2. Create opportunities to hear from a diversity of student and faculty voices.
As I discussed in an article in the most recent issue of Trusteeship magazine (September/October), “Today’s College Students: What Boards Need to Know,” there is no longer a single profile of today’s college student. Our students come from diverse backgrounds and experiences, have complex academic and support needs, and are pursuing a college credential for myriad personal and professional goals.

As board’s are considering policies and actions that will impact their student population, how is this diversity being understood and considered. Who are the students and faculty who are invited to share their perspectives with the board? Do their perspectives and experiences reflect the complex profile of the students your institution serves? Boards need to actively seek input from a diverse array of student and faculty perspectives to fully understand the impact of policy decisions on different student populations and recognize that policies can have a different and sometimes negative impact on underrepresented student groups.

A board committed to continuous learning looks for opportunities to expose the group to new and conflicting data that reveal gaps in understanding in order to improve decisionmaking.

3. Cultivate an environment in which difficult conversations are welcome.
Policies and practices are often grounded in an institution’s historic mission and student population and evolve over time in a process of incremental change. Making tangible progress on improving student success outcomes across all student segments may mean that gradual adjustments will no longer suffice.
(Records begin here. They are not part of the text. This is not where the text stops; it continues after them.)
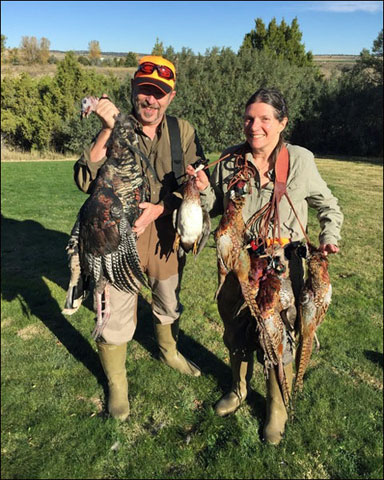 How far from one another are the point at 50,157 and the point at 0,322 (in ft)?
83.1

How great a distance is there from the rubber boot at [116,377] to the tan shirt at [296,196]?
6.12 feet

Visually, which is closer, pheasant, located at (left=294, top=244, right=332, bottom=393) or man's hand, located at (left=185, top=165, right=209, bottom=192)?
pheasant, located at (left=294, top=244, right=332, bottom=393)

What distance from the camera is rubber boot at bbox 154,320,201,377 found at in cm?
448

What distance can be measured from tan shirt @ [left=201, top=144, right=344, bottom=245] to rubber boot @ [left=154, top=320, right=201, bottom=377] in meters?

Developing a boardwide understanding of how existing policies and practices are negatively impacting segments of your student population and the changes that will need to take place to address these inequities may challenge existing institutional norms and values, both explicit and implicit. These are critical conversations for boards to have if their goal is to advance the success of all students. But these same conversations hold the potential to be difficult and divisive—especially if the discussions are not grounded in a shared responsibility for the long-term health and sustainability of the institution. This goes to the heart of Principle 9 of AGB’s Principles of Trusteeship.

“Bring genuine curiosity and an open mind to board service. Welcome alternative points of view and value them as a reflection of a community committed to the common goal of advancing the institution.”

A board committed to continuous learning actively cultivates a board culture that supports the open discussion and deliberation of what is really impeding the progress of the institution and its students and commits to seeking solutions that advance the shared goal of institutional and student success.

4: Embrace the need for continuous transformation.
As the profile of students attending our colleges and universities continues to change, our programs, services, policies, and practices will need to change right along with them. Responding to the current wave of disruptions resulting from the needs and aspirations of today’s students with a one-time redesign misses the larger point. To achieve true resiliency, institutions will need to be in a state of continuous transformation to stay aligned with the changing student and market needs and demands over time.

A board committed to continuous learning understands that one of its greatest responsibilities is to ensure that the institution is asking critical questions of itself on a regular basis, is gathering new insights to challenge current assumptions, and is using the results to continuously respond to the emerging needs of its students and stakeholders, especially those who have not been well served by existing approaches.

A board ethos of continuous learning and improvement takes time to develop. Establishing the level of trust necessary to engage in constructive but difficult conversations that support shared learning requires a strong partnership between the board chair and president. It also requires a sense of collective responsibility for the success of all students that is central to our shared mission and purpose as institutions of higher education.

Lisa Helmin Foss, PhD, is an AGB senior consultant and the ambassador to AGB’s Council for Student Success.